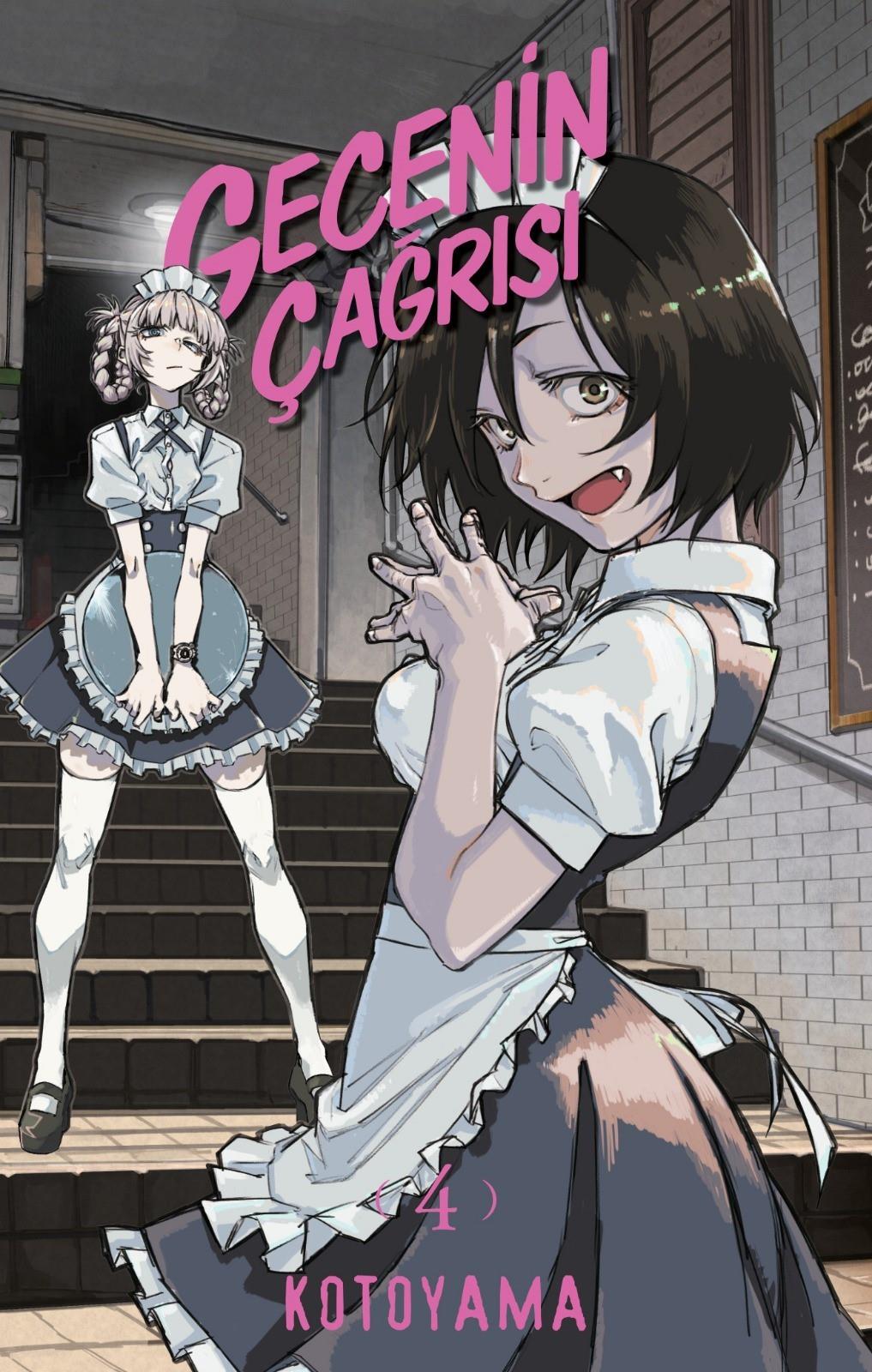 Gecenin Çağrısı - 4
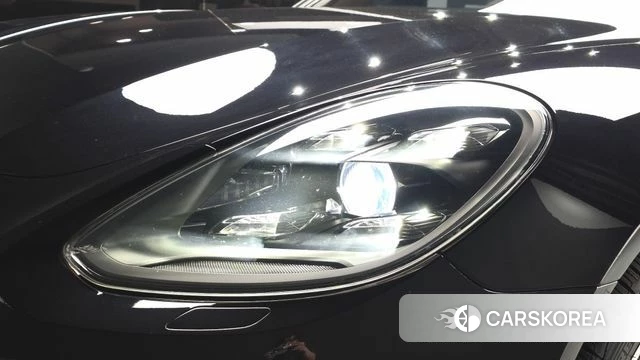 Porsche Panamera (971) id 4982557 из Кореи 14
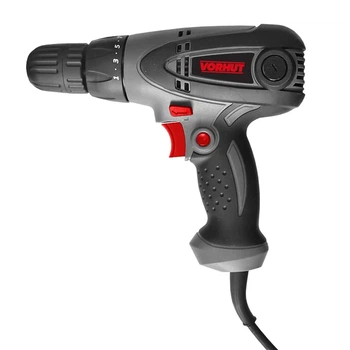 Дриль шуруповерт мережевий Vorhut VDS45 450Вт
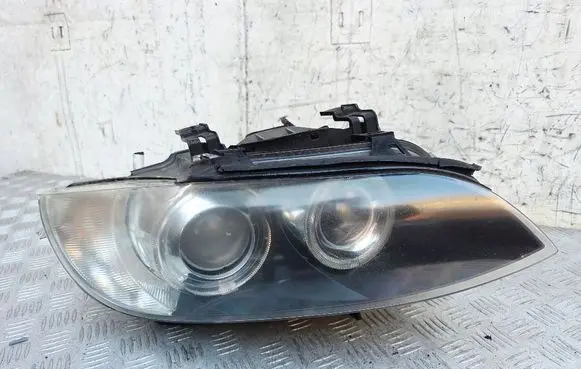 BMW 3 E92 E93 Headlight/headlamp 7162130 0301230672 1305236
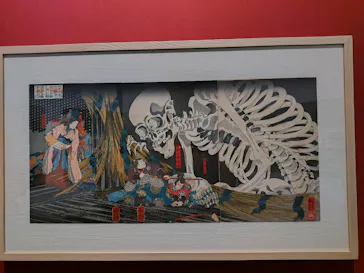 歌川国芳展－奇才絵師の魔力に投稿された画像（2026/6/17）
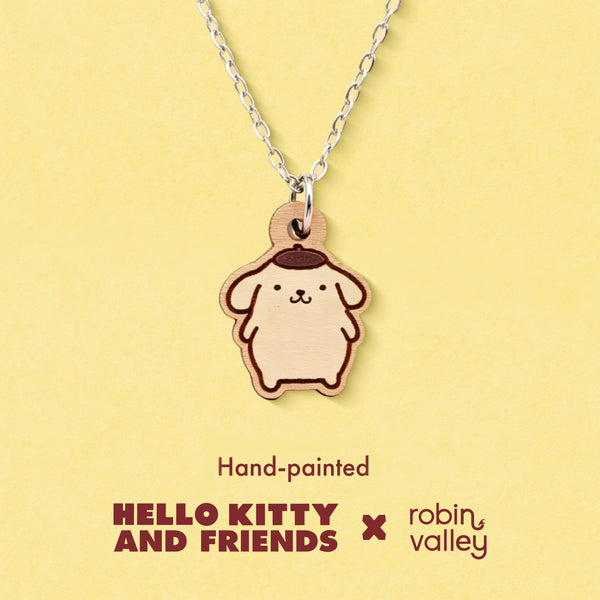 Officially Licensed Pompompurin Necklace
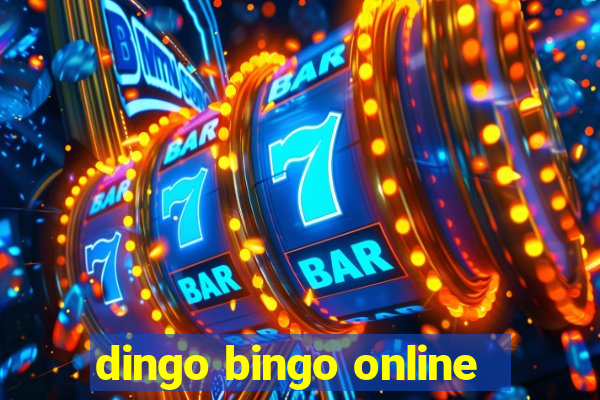 dingo bingo online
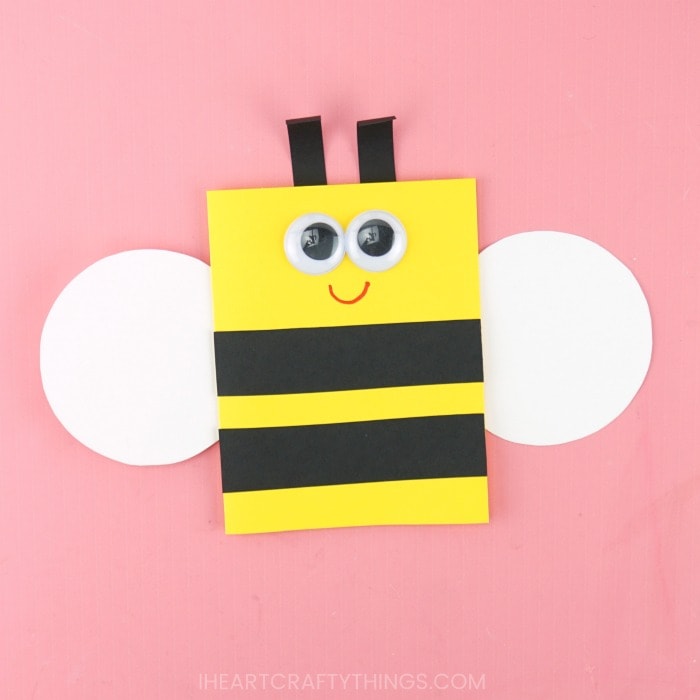 spring crafts for kids 5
---
** Requirement **
Please retype the entries above word for word, but only from the line containing "Officially Licensed Pompompurin Necklace" through the last line, and without the pictures.

** Task answer **
 Officially Licensed Pompompurin Necklace
 dingo bingo online
 spring crafts for kids 5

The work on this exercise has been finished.